Adding Depth vs. Adding Width

If we are going to dynamically split networks, we face a critical architectural choice: do we split to make the network wider, or do we split to make the network deeper? Each solves a fundamentally different problem in the loss landscape.

1. Adding Width (Splitting Neurons)

Splitting neurons to make a layer wider primarily smooths the loss landscape. Theoretical results in the overparameterization literature (and the Neural Tangent Kernel regime) show that sufficiently wide networks eliminate suboptimal strict local minima entirely. They turn isolated valleys of good solutions into wide, connected basins (mode connectivity). If your optimizer is oscillating or stuck in a sharp ravine, adding width gives it the room to find a wider, flatter, and more generalizable minimum.

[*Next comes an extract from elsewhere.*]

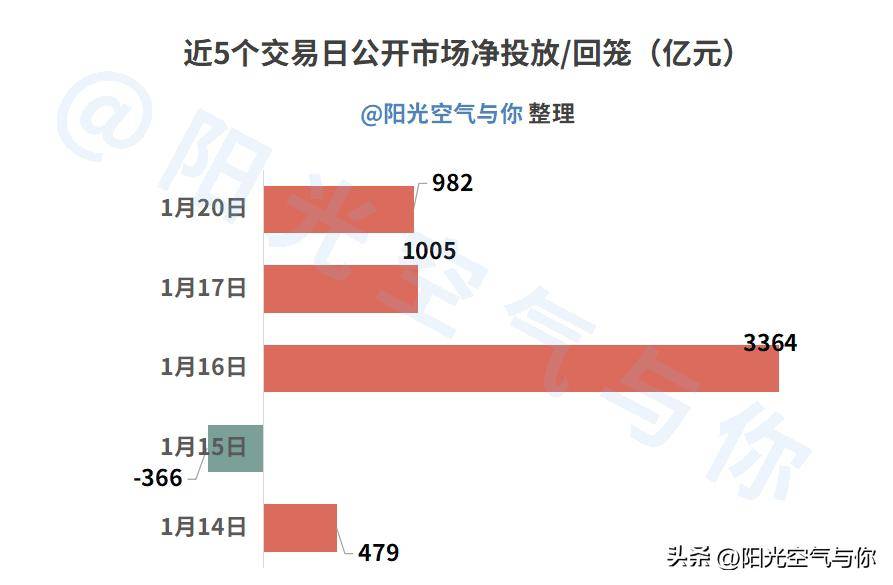 债市或将维持震荡行情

2. Adding Depth (Splitting Layers Sequentially)

Splitting a layer into two sequential layers increases the expressivity and compositional power of the network. It allows the network to learn more complex, highly non-linear decision boundaries. However, adding depth without care can make optimization harder by shattering gradients and making the loss landscape more chaotic. If we add depth dynamically, we generally need to include residual skip-connections (like ResNets). Skip connections preserve a shallow “fallback” path, allowing the network to leverage the smooth landscape of the shallow network while gradually utilizing the newly added depth.

Final Thoughts

This idea of dynamic network growth shares a beautiful mathematical symmetry with Hierarchical Tucker decomposition in tensor math, where you start with a massive, unwieldy tensor and recursively split it into a tree of smaller matrices.

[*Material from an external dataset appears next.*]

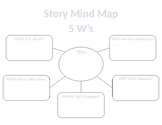 Story Mind Map (5 W's)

By running this process in reverse—dynamically splitting and growing our networks during training—we might be able to marry the computational efficiency of small networks with the smooth, easily navigable loss landscapes of highly overparameterized ones. It’s a fascinating area of research that sits right at the intersection of Neural Architecture Search (NAS) and pure optimization theory.